** Opening Data for this exercise block **

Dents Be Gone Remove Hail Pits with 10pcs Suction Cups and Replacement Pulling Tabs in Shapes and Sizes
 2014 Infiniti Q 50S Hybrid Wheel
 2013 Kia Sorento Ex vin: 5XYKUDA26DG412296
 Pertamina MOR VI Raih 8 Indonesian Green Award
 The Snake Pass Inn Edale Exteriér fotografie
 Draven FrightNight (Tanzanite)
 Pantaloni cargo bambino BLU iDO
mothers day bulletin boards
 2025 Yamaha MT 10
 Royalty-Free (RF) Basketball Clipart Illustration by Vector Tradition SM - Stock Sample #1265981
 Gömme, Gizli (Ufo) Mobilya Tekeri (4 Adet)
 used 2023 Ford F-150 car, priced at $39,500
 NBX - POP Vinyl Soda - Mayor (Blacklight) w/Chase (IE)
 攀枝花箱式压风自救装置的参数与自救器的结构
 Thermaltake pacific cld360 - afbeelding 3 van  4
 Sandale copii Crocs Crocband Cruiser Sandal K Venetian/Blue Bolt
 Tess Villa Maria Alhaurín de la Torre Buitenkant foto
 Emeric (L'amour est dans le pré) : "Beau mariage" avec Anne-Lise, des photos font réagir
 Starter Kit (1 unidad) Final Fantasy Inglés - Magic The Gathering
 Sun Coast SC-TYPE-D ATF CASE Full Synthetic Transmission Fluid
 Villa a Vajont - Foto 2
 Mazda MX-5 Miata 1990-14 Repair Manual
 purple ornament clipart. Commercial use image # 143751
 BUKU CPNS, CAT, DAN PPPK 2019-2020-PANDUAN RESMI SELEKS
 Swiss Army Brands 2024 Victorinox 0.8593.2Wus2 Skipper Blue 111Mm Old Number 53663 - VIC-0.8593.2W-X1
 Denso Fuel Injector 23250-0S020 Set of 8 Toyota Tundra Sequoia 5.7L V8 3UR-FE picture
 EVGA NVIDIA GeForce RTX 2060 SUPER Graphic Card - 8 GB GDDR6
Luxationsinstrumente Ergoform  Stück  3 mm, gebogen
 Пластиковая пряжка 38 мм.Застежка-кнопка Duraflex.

** Closing Data for this exercise block **

◆ **Task to carry out**: Write the data out again. Match it word for word.

◆ **Task result**:
Dents Be Gone Remove Hail Pits with 10pcs Suction Cups and Replacement Pulling Tabs in Shapes and Sizes
 2014 Infiniti Q 50S Hybrid Wheel
 2013 Kia Sorento Ex vin: 5XYKUDA26DG412296
 Pertamina MOR VI Raih 8 Indonesian Green Award
 The Snake Pass Inn Edale Exteriér fotografie
 Draven FrightNight (Tanzanite)
 Pantaloni cargo bambino BLU iDO
mothers day bulletin boards
 2025 Yamaha MT 10
 Royalty-Free (RF) Basketball Clipart Illustration by Vector Tradition SM - Stock Sample #1265981
 Gömme, Gizli (Ufo) Mobilya Tekeri (4 Adet)
 used 2023 Ford F-150 car, priced at $39,500
 NBX - POP Vinyl Soda - Mayor (Blacklight) w/Chase (IE)
 攀枝花箱式压风自救装置的参数与自救器的结构
 Thermaltake pacific cld360 - afbeelding 3 van  4
 Sandale copii Crocs Crocband Cruiser Sandal K Venetian/Blue Bolt
 Tess Villa Maria Alhaurín de la Torre Buitenkant foto
 Emeric (L'amour est dans le pré) : "Beau mariage" avec Anne-Lise, des photos font réagir
 Starter Kit (1 unidad) Final Fantasy Inglés - Magic The Gathering
 Sun Coast SC-TYPE-D ATF CASE Full Synthetic Transmission Fluid
 Villa a Vajont - Foto 2
 Mazda MX-5 Miata 1990-14 Repair Manual
 purple ornament clipart. Commercial use image # 143751
 BUKU CPNS, CAT, DAN PPPK 2019-2020-PANDUAN RESMI SELEKS
 Swiss Army Brands 2024 Victorinox 0.8593.2Wus2 Skipper Blue 111Mm Old Number 53663 - VIC-0.8593.2W-X1
 Denso Fuel Injector 23250-0S020 Set of 8 Toyota Tundra Sequoia 5.7L V8 3UR-FE picture
 EVGA NVIDIA GeForce RTX 2060 SUPER Graphic Card - 8 GB GDDR6
Luxationsinstrumente Ergoform  Stück  3 mm, gebogen
 Пластиковая пряжка 38 мм.Застежка-кнопка Duraflex.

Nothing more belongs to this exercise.